Lieutenant General Kai Rohrschneider, head of NATO’s Allied Joint Support and Enabling Command (JSEC), warned that the current 10,000-kilometer infrastructure is no longer sufficient for an alliance that now stretches deep into Eastern Europe. 

The existing system, designed to support Western air bases like Ramstein, currently terminates in western Germany.

"From a military operational point of view, it would make a lot of sense to extend the pipeline system further to the east," Rohrschneider told Reuters. 

He identified Poland, the Baltic states, Finland, and Romania as critical nodes to address what he called "maybe the biggest supply challenge we face."

The latest report underscores renewed efforts by NATO members on the eastern flank to expand NATO's fuel pipelines eastward to ensure a stable jet fuel supply in the event of a war with Russia.

The shift follows a massive overhaul of NATO planning triggered by Russian aggression, following Ukraine’s invasion in February 2022. 

Since Finland and Sweden joined the alliance in 2023 and 2024, NATO has struggled to integrate northern and eastern supply routes into infrastructure buried just 80 centimeters underground decades ago.

However, the logistical demand is staggering. 

Air forces are projected to account for 85% of fuel consumption during a conflict, requiring hundreds of thousands of cubic meters daily. 

While jet fuel from the pipelines can be modified for tanks and trucks, the east lacks the storage and transport capacity to handle such volumes.

"What we will need in the end is a network of resilient fuel storage sites… that covers the whole rear of NATO's territory," Rohrschneider said.

However, the proposal faces steep political and financial hurdles. The extension is estimated to cost €21 billion ($24 billion) and could take 25 years to complete.
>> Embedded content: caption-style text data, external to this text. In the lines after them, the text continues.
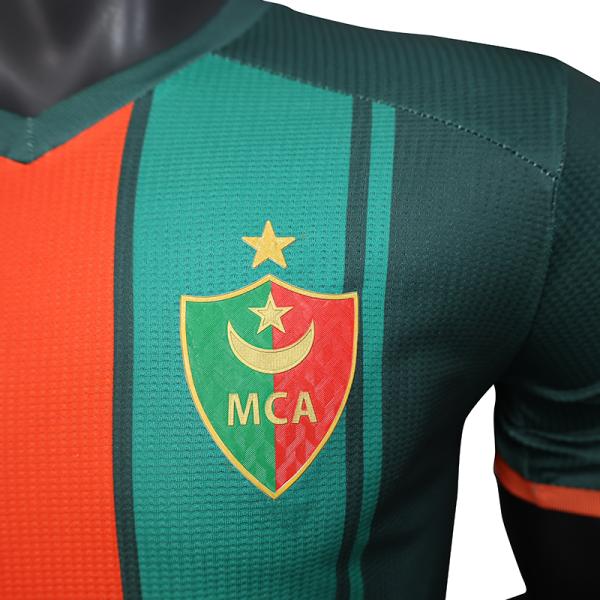 グループで、チーム独自のスタイルを作成するための、カスタマイズされたMCAプレイヤーバージョンのジャージ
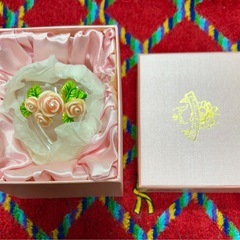 ヴィセオードトワレガラス製小物入れの画像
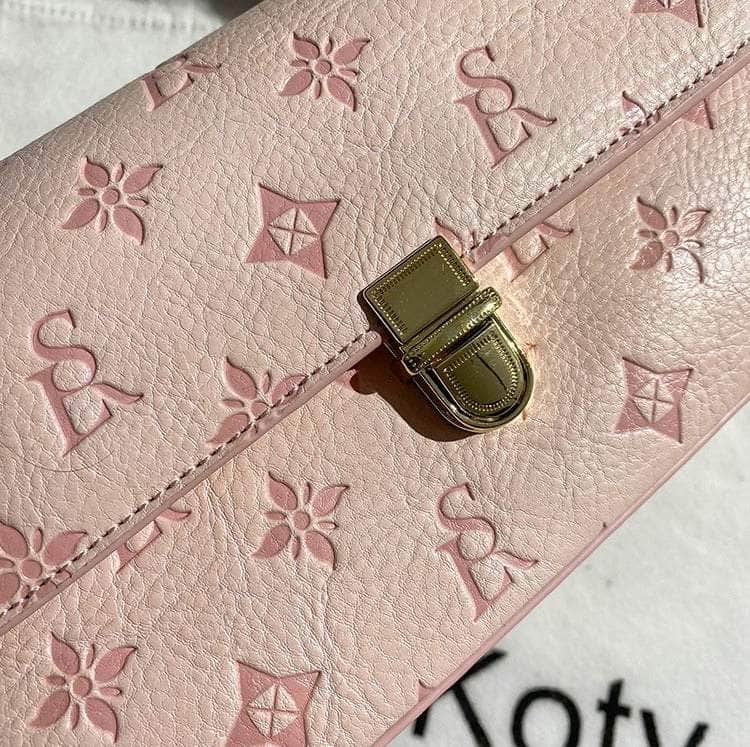 Luxurious Pink Monogram Pochette Shoulder Bag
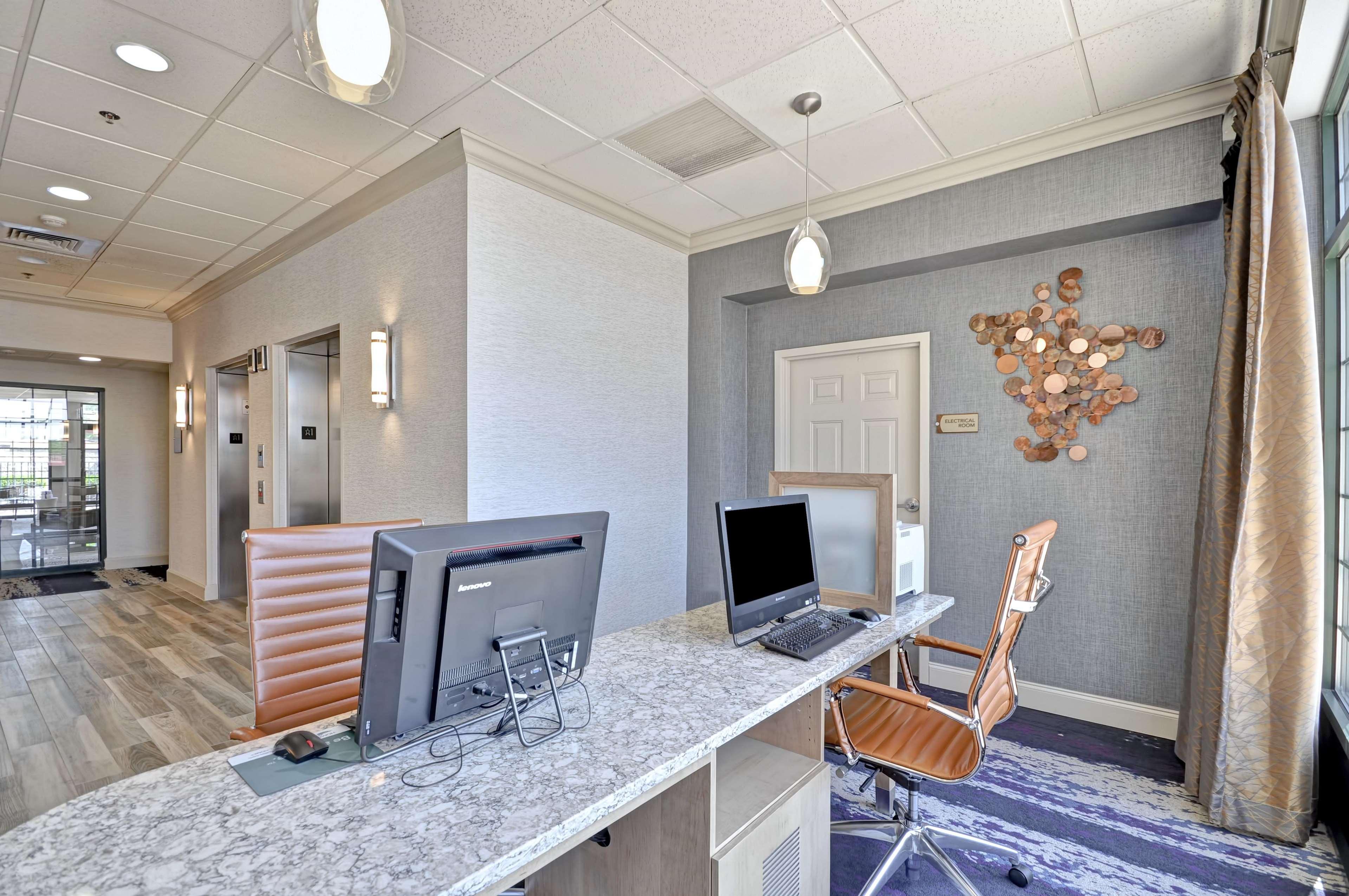 โฮมวู้ดสวีทส์บายฮิลตัน บอสตัน พีบอดี้ Hotel ภายนอก รูปภาพ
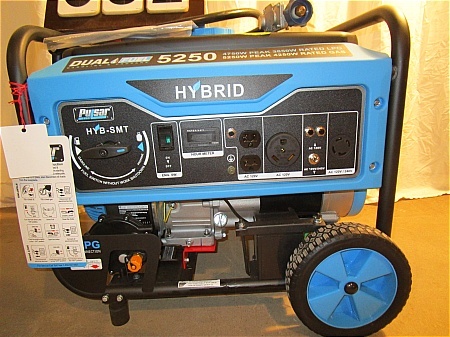 lot 52 image: Pulsar Dual Fuel 5250 Watt Portable Generator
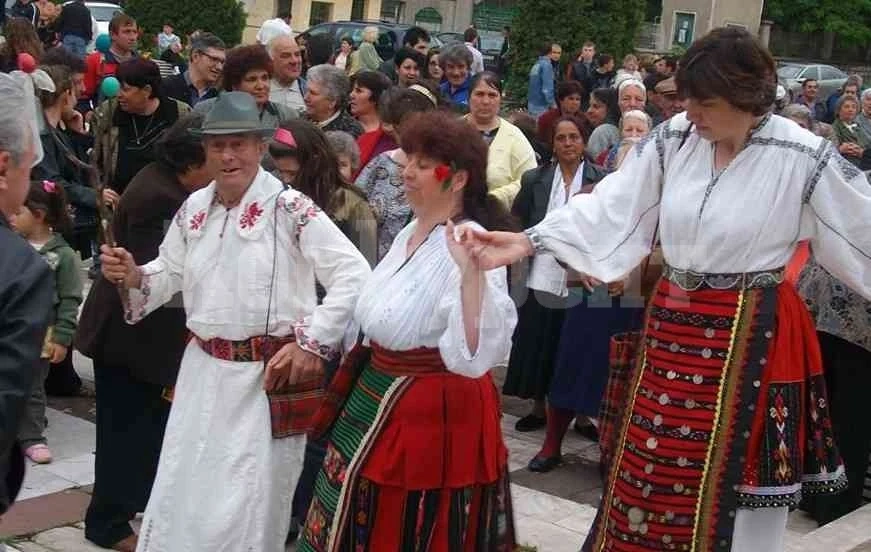 „Ора пащулуй” в Софрониево... за традициите в понеделник след Великден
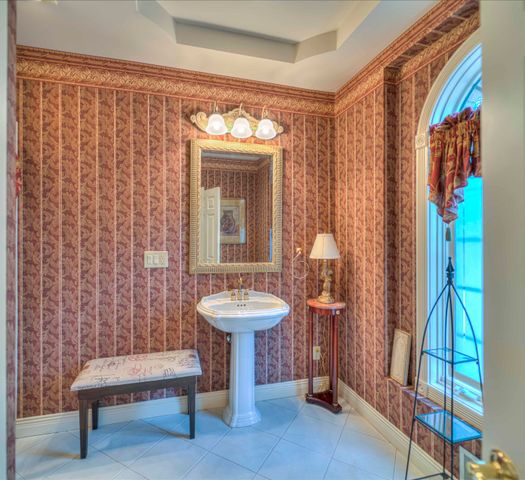 5150 Stone Oak Drive, Jackson, MI 49201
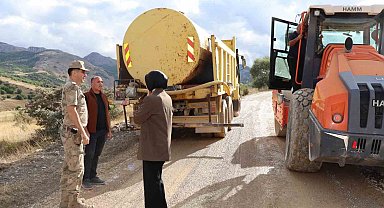 Tercan'da Kemerçam köyü yolunda asfalt çalışması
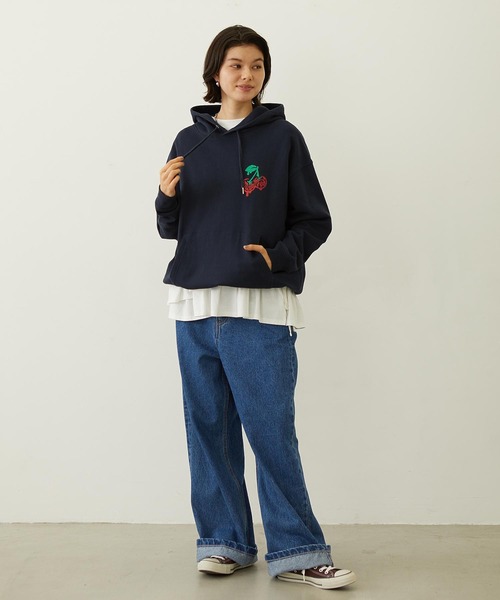 MILKFED.(ミルクフェド)の「MELTY CHERRY SWEAT HOODIE(パーカー・レディース・オフホワイト/ライトブルー/ネイビー・M/L)」の6枚目の写真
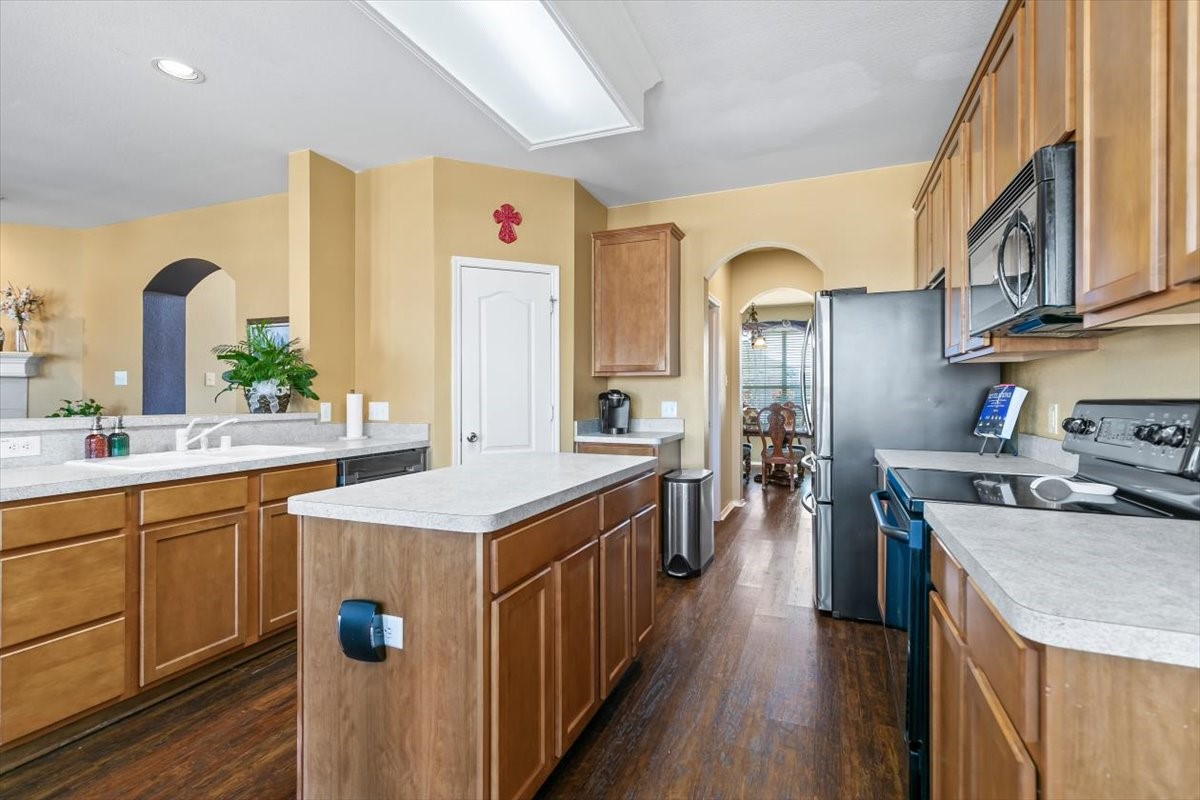 306 Salsbury Drive Euless TX 76040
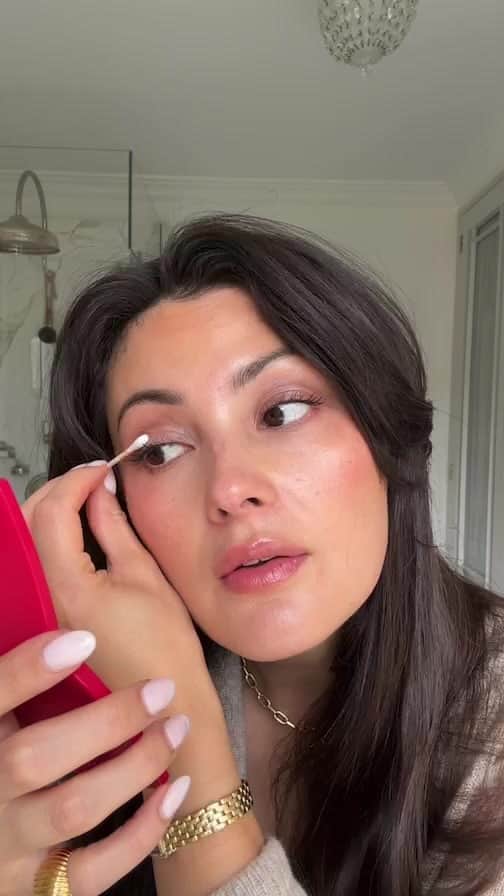 ペオニー・リムのインスタグラム：「GRWM • AM skincare & light day makeup  Products in order of appearance… @sekkeizuofficial am serum @elemis_uki pro collagen rose marine cream @supergoop glow screen  @cledepeaubeaute radiant corrector for eyes - ocher @roseinc cream bronzer - kauai  @guerlain terracotta Le teint - 2C @jonesroadbeauty the best blush - rosy @westmanatelier liquid super loaded - peau de peche  @elemis pro collagen rose hydro mist  @yslbeauty couture mini clutch eyeshadows - 100 @jonesroadbeauty the mascara @hourglass phantom volumising glossy balm - rise 100 & sense 110 @aninebingofficial rose wood   Includes press samples  #peonylimbeauty」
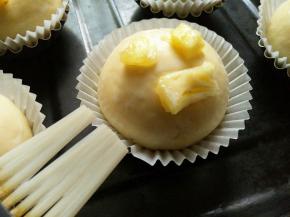 给面包刷上一层纯牛奶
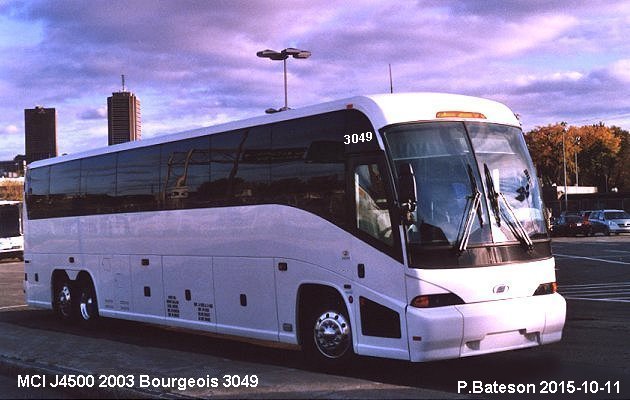 BUS/AUTOBUS: MCI J4500 2003 Bourgeois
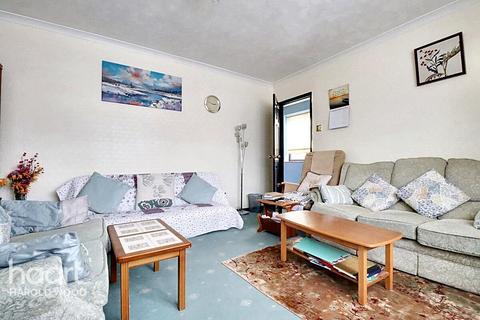3 bedroom semi-detached house for sale, Keats Avenue, Harold Hill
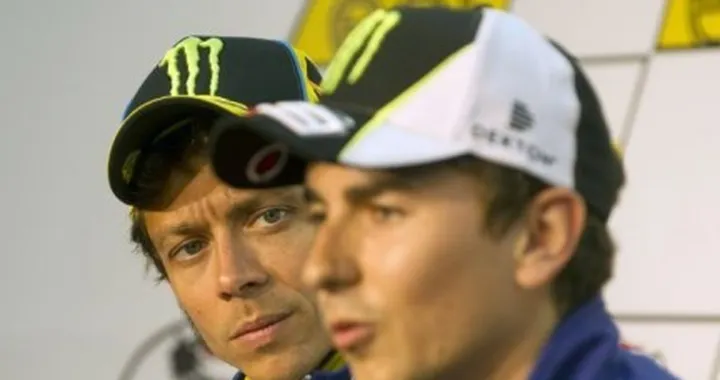 MotoGP Sachsenring: apertura con la “prima” di Bradl. Rossi non ride, ma Lorenzo sta peggio (che volo!)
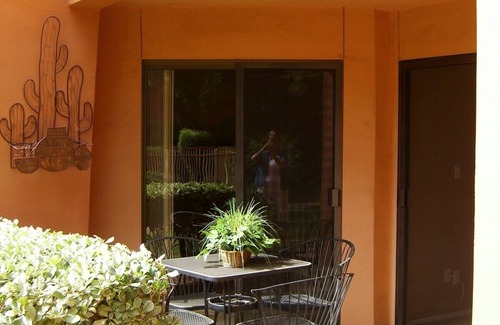 Paradise Valley Village Condo | HUGE 1BR! WiFi, Pools, Fitness! Walk to golf, shops, restaurants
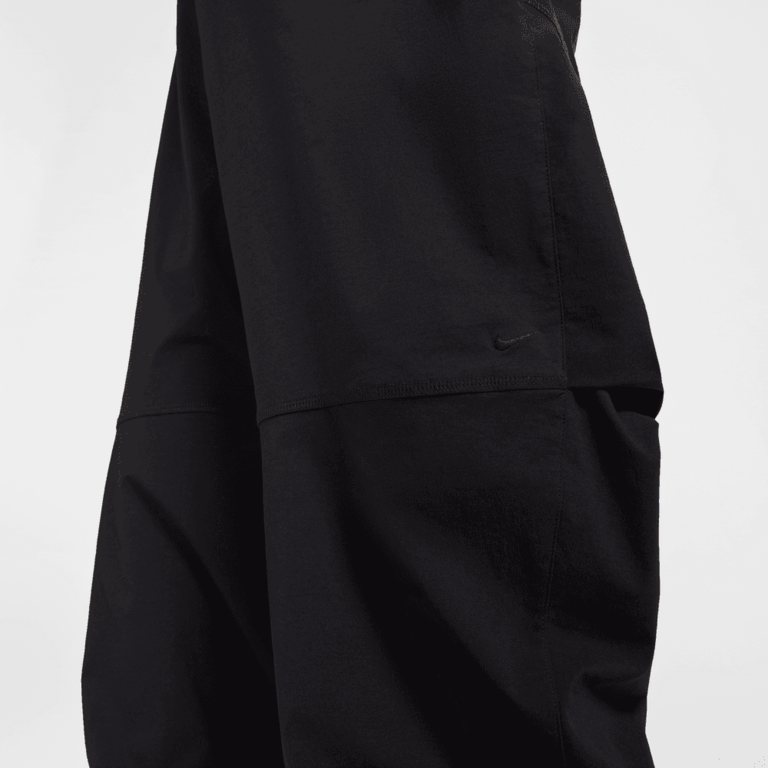 Nike Nike Tech Woven Oversized Pant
A final decision may be reached before the NATO summit in Ankara this July.

The pipeline project coincides with a "military Schengen" initiative aimed at slashing transit times for heavy equipment and fuel, which currently face delays of up to 45 days. 

As frontline states like Poland build new defense lines, pressure is mounting on Brussels to fund a logistics corridor linking Western refineries directly to the eastern flank.